- _Data provided_
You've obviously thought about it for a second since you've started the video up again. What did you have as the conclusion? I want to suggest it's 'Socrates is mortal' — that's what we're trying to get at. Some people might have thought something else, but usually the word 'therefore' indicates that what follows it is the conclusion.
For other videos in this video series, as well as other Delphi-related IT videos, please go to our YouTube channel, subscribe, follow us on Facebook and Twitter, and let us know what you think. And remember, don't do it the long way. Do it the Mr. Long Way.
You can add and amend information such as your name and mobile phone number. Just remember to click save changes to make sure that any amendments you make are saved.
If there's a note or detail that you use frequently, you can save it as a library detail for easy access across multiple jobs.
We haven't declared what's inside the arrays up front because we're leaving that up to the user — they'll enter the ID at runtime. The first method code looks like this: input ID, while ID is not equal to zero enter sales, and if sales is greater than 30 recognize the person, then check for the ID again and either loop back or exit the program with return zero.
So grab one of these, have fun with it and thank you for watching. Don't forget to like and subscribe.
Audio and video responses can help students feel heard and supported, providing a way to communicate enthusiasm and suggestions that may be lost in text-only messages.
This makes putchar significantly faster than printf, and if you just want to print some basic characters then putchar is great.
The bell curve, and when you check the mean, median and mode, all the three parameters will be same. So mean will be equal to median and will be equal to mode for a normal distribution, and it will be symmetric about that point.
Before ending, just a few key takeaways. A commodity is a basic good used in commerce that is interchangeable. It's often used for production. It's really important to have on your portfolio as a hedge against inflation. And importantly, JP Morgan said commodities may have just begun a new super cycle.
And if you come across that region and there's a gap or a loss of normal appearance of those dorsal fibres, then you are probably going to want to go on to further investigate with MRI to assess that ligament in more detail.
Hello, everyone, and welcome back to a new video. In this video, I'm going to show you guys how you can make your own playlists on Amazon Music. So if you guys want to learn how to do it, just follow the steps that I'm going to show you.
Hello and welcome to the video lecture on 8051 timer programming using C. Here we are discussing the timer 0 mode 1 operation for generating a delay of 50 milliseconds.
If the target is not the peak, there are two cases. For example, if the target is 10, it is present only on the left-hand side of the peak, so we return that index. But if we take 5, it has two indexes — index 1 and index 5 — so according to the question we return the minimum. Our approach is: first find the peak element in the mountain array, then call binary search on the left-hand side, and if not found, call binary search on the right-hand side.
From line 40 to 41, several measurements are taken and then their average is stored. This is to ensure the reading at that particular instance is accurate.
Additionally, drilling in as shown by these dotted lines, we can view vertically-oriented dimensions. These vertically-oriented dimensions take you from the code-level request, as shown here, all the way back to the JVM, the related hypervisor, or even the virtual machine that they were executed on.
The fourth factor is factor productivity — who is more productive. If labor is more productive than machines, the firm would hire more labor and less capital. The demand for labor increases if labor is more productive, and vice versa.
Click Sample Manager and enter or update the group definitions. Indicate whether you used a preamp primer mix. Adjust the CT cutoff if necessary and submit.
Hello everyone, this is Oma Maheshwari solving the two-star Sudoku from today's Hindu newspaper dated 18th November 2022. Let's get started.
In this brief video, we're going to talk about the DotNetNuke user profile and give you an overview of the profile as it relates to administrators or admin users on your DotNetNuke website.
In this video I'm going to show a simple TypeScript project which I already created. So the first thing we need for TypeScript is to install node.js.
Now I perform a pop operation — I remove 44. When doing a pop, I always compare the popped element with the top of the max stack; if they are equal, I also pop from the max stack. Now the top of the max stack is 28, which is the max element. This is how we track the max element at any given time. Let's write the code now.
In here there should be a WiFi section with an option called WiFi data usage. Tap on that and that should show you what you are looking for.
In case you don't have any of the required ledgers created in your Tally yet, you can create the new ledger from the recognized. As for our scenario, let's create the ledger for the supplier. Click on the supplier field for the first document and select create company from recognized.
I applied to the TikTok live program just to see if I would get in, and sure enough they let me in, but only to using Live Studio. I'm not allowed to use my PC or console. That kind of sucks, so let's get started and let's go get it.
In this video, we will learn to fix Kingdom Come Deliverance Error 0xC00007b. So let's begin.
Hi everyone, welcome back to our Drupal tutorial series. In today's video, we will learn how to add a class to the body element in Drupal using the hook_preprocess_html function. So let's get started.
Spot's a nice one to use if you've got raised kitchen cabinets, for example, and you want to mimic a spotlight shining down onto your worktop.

- _Exercise goal_
Among the entries above, find the line with "So grab one" and the line with "Hello and welcome"; give again exactly these two lines and all lines between them.

- _Exercise output_
So grab one of these, have fun with it and thank you for watching. Don't forget to like and subscribe.
Audio and video responses can help students feel heard and supported, providing a way to communicate enthusiasm and suggestions that may be lost in text-only messages.
This makes putchar significantly faster than printf, and if you just want to print some basic characters then putchar is great.
The bell curve, and when you check the mean, median and mode, all the three parameters will be same. So mean will be equal to median and will be equal to mode for a normal distribution, and it will be symmetric about that point.
Before ending, just a few key takeaways. A commodity is a basic good used in commerce that is interchangeable. It's often used for production. It's really important to have on your portfolio as a hedge against inflation. And importantly, JP Morgan said commodities may have just begun a new super cycle.
And if you come across that region and there's a gap or a loss of normal appearance of those dorsal fibres, then you are probably going to want to go on to further investigate with MRI to assess that ligament in more detail.
Hello, everyone, and welcome back to a new video. In this video, I'm going to show you guys how you can make your own playlists on Amazon Music. So if you guys want to learn how to do it, just follow the steps that I'm going to show you.
Hello and welcome to the video lecture on 8051 timer programming using C. Here we are discussing the timer 0 mode 1 operation for generating a delay of 50 milliseconds.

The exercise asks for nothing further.